> **INPUT DATA**:
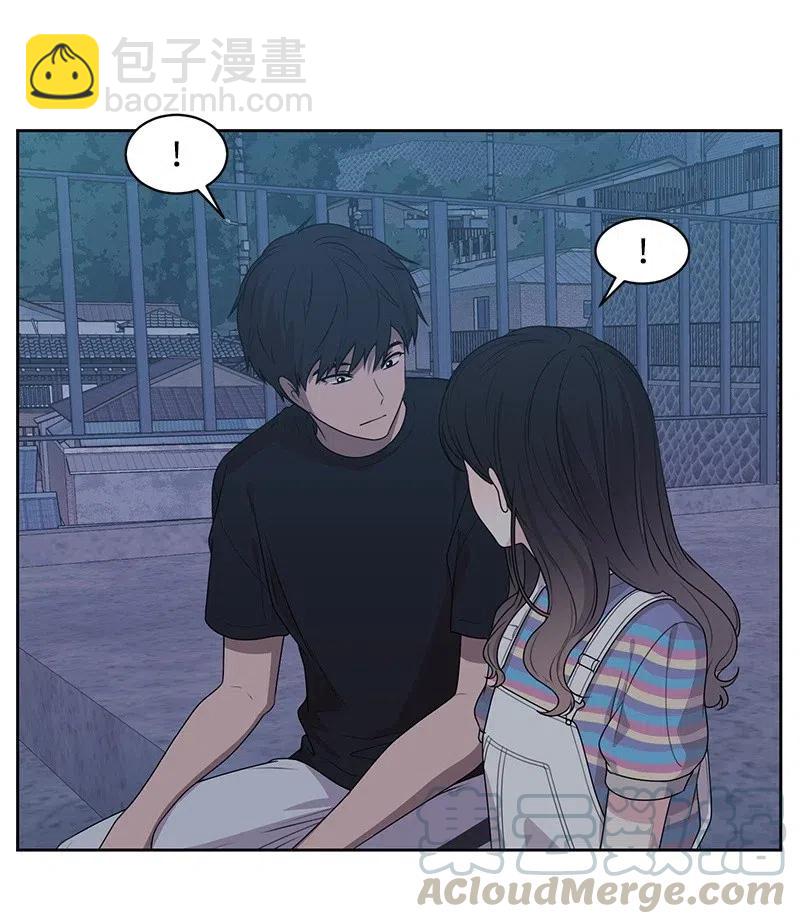 63 拒绝(1/2)-第63话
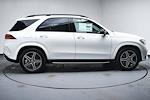 2025 Mercedes-Benz GLE 350 4MATIC AWD, SUV for sale #MT55136 - photo 8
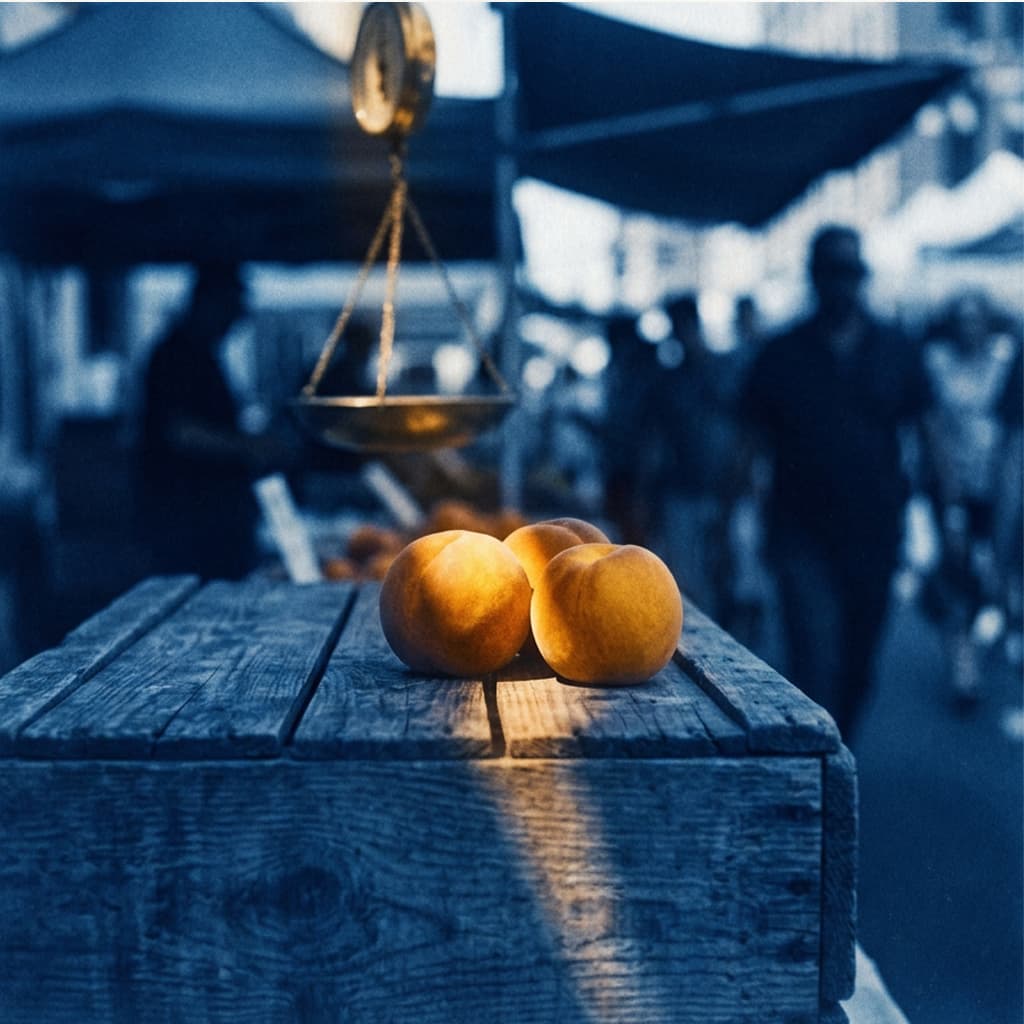 Le souvenir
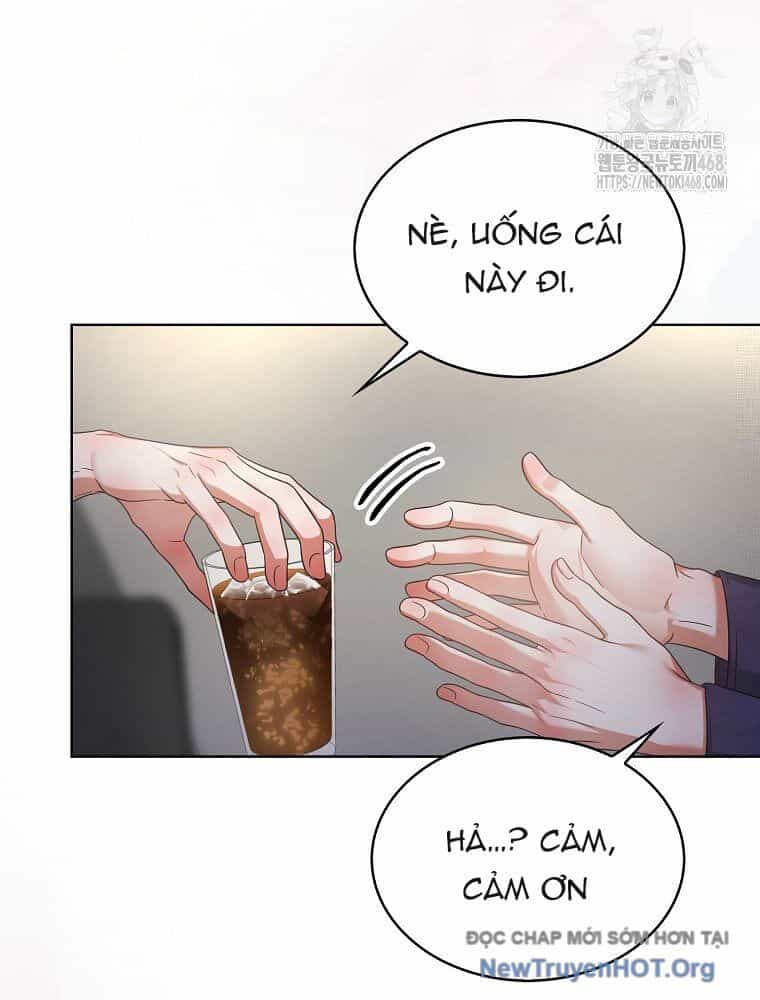 Ra Mắt Hay Ra Đi - Chương 82 - ảnh 42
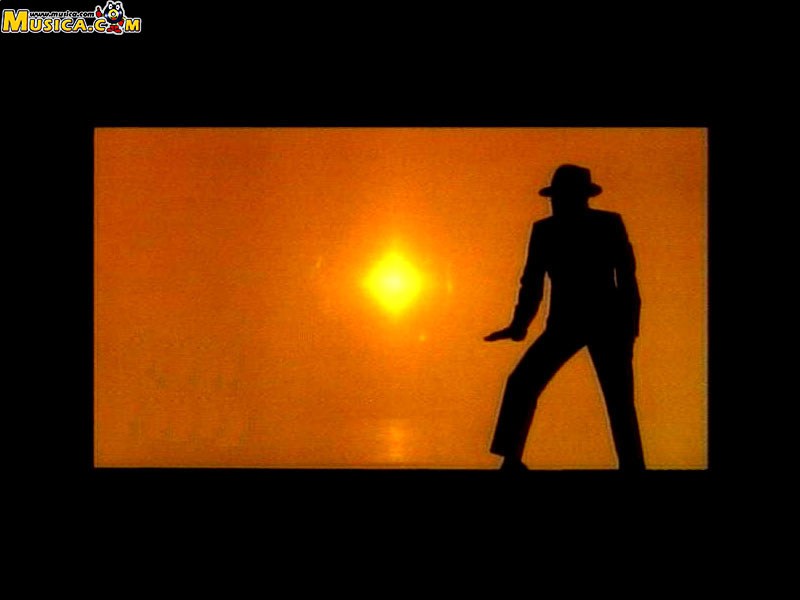 Fondo de pantalla de Michael Jackson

> **EXERCISE REQUIREMENTS**:
From the line that contains "Le souvenir" down to the last line of the material above, every line must be repeated exactly, with pictures removed and both end lines included.

> **ANSWER AREA**:
 Le souvenir
 Ra Mắt Hay Ra Đi - Chương 82 - ảnh 42
 Fondo de pantalla de Michael Jackson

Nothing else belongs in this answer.